Mauritania: ‘I saw that the system was unjust – it strengthened my resolve to combat injustice’
By Chris Chapman
Salimata Lam has been an activist all of her adult life, since joining a pro-democracy movement in her teens. In the 1980s, she was even deported from the country for three years and stripped of her citizenship, which only made her more determined to be an activist. ‘I saw that the system was unjust. It strengthened my resolve to combat injustice.’ She has been advocating with the Mauritanian NGO SOS Esclaves against modern forms of slavery since 2010.
As a long-term partner of MRG, Salimata points to how SOS Esclaves has benefited from the cooperative relationship. ‘The dialogue with the state is difficult. Their position is that slavery does not exist. MRG and other partners help us to collaborate with intermediaries, who communicate our recommendations.’ An example of this is the work at the African Commission on Human and Peoples’ Rights, including the child rights committee, whose ruling has been instrumental in pressuring the government to live up to its commitment to end slavery.

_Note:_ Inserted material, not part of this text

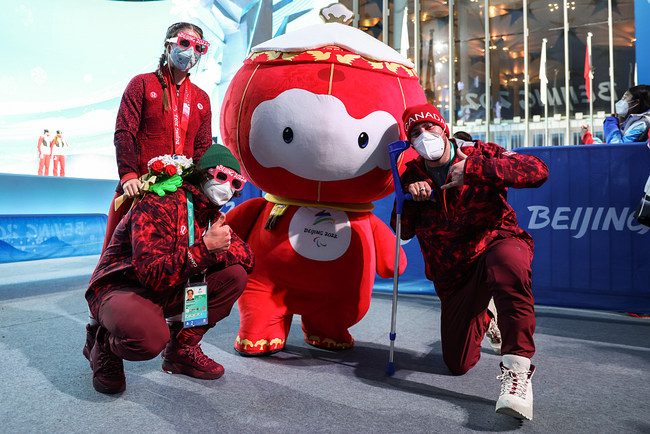 Sportistët dalin në fotë me maskotën e Lojërave Paralimike Dimëreore të Pekinit(Foto:VCG)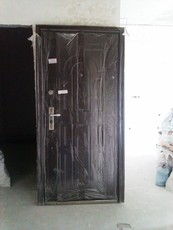 Продам входную строительную дверь б/у.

Her organization has worked together with MRG to train activists, journalists, paralegals and magistrates. As a result, not only have she and her staff been able to learn through the experience of implementing large projects, they have also benefited from being exposed to the content of training programmes. ‘I have really benefited from the workshops on how to use the media,’ she says:
‘Public opinion is very important. What we need is to work on deconstructing the existing mentality. If slavery persists, it’s because that work of deconstruction is not yet finished, so that people will say no.’
Salimata sees progress, even if it is slow: ‘Fifty years ago, if you called someone a Haratine, they would be insulted. Today, the people say, yes we are Haratine. They are ready to assume their identity. People want to be free, to live in dignity. This tendency is irreversible.’